Today, I encourage you to focus more on those things that you CAN do, even if they are small and what you feel to be insignificant. Focus on what you DO have, even if you are struggling to put food on the table or make ends meet. Focus on what you GET to eat, rather than on what you CAN’T eat. (Remember, you Can eat it, but you Choose not to). Focus on what you HAVE lost or the progress you HAVE made, rather than on how far you still need to go and how bad you may have messed up yesterday.  Today is a gift….approach it with gratitude and I guarantee you will begin to see things in a new way.

I’m grateful today that this ‘fluke in reservations” has landed me here, but not because I got to take a bubble bath in a hot tub last night (although that was pretty “sweet” LOL) but because it was just God’s way of reminding me that “when we allow HIM to intervene in our journey, the result is beyond even our comprehension.” When I began this journey to wellness three years ago…..never, ever would I have imagined that my life would end up like this.
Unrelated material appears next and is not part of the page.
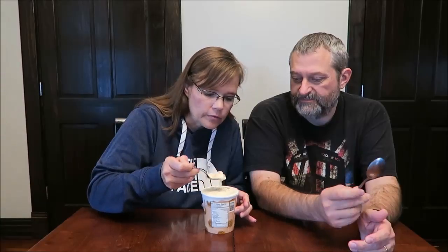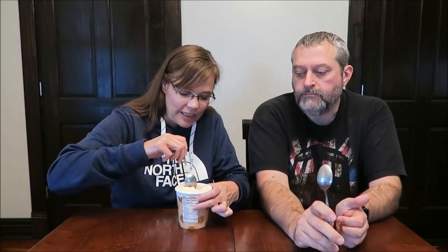It has little chunks or something. I love this. I love this — there are actually chunks in here.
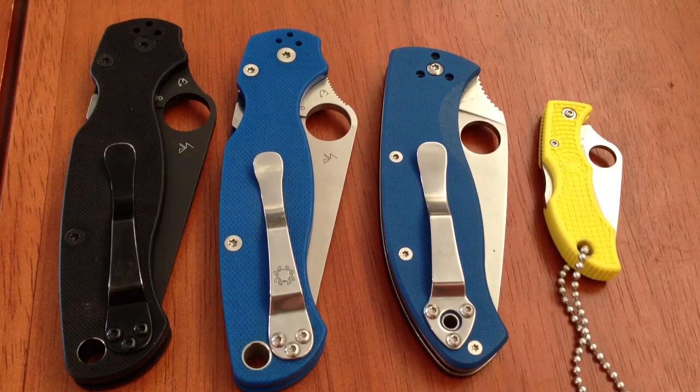I have scaled down my Spyderco collection quite a bit. I used to have a Pink Native, a Sage 3, a Sage 2, and two Manix's — one lightweight, one regular, one with the all black blade. That was cool. I've scaled back quite a bit. I don't really have that many knives — down to like probably 20.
All I wanted to do was keep myself out of an Assisted Living home….and be able to walk the 50 yards or so to my mailbox. I never dreamed I would be ever be able to walk down the beach or get into a bathtub again after many years of not being able to do so.   Trust me…….you have no idea what joy; what freedom; what opportunities will come from your journey, but you have to take the first step. You have to do the work…day-in-and-day-out in order to get there. You have to make the hard choices and sacrifices, and ask yourself daily “What do I want MORE….this donut; cigarette; drink; bad relationship; unforgiveness and anger  (whatever, you can fill in the blanks)…or freedom, joy…true joy from within, not from a lakeside suite….and a peaceful spirit?  The choice is pretty easy for me. I choose life…and gratitude…and joy; things that will last far beyond my business trip or the taste of that cinnamon roll.

Make it a great day, my friends, and be assured that you are here with me in spirit.